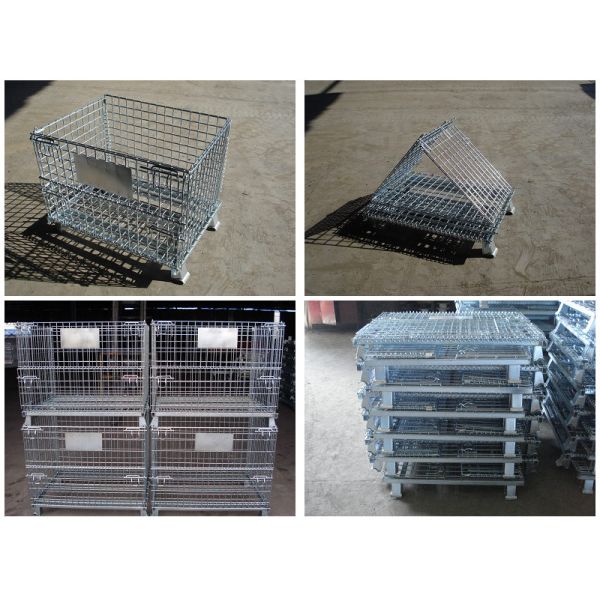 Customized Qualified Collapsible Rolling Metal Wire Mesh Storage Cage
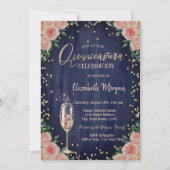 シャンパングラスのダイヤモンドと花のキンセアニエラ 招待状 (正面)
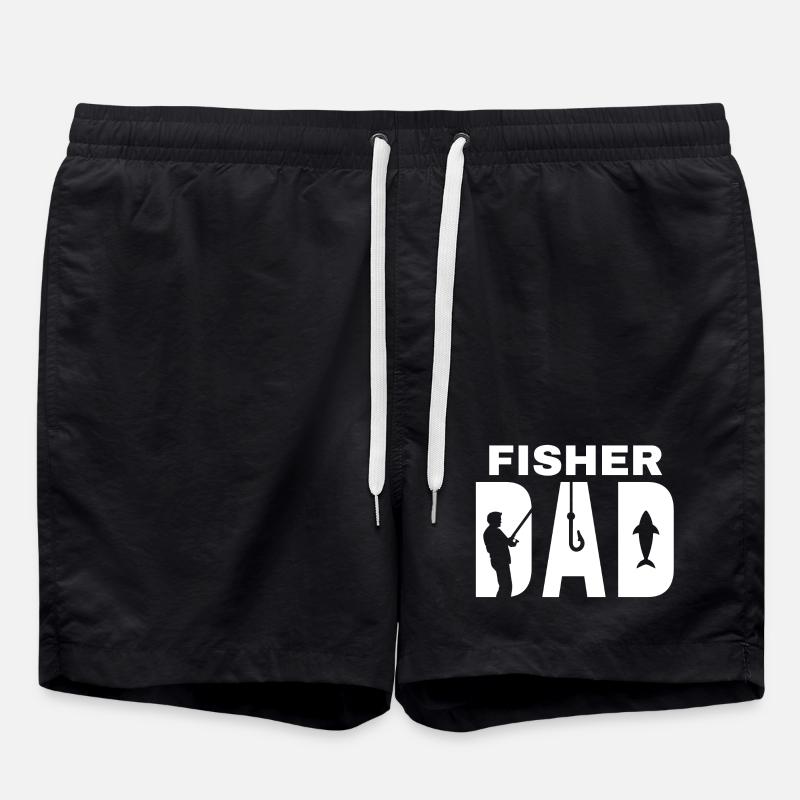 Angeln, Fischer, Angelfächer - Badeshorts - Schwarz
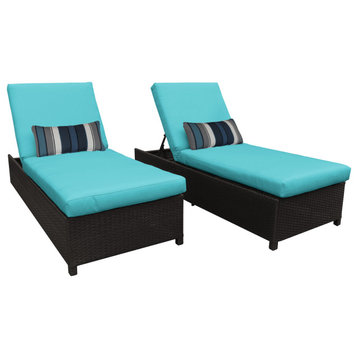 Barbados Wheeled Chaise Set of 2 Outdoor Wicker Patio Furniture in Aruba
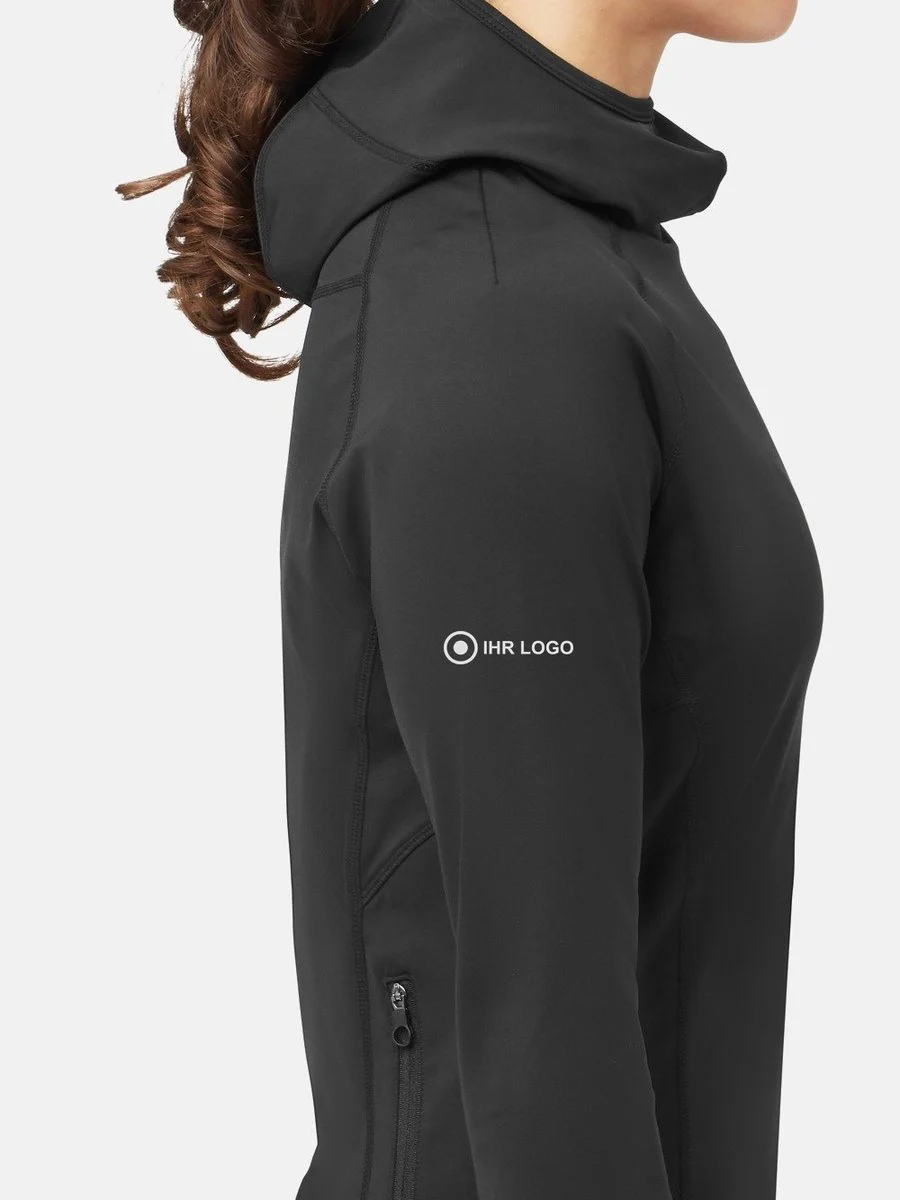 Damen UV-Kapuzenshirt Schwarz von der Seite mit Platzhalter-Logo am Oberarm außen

● **DIRECTIONS FOR THIS TASK**
Please restate, word for word, the lines from the one with "Angeln, Fischer, Angelfächer" through the final line of the material, both included, and omit the pictures.

● **FINAL ANSWER**
 Angeln, Fischer, Angelfächer - Badeshorts - Schwarz
 Barbados Wheeled Chaise Set of 2 Outdoor Wicker Patio Furniture in Aruba
 Damen UV-Kapuzenshirt Schwarz von der Seite mit Platzhalter-Logo am Oberarm außen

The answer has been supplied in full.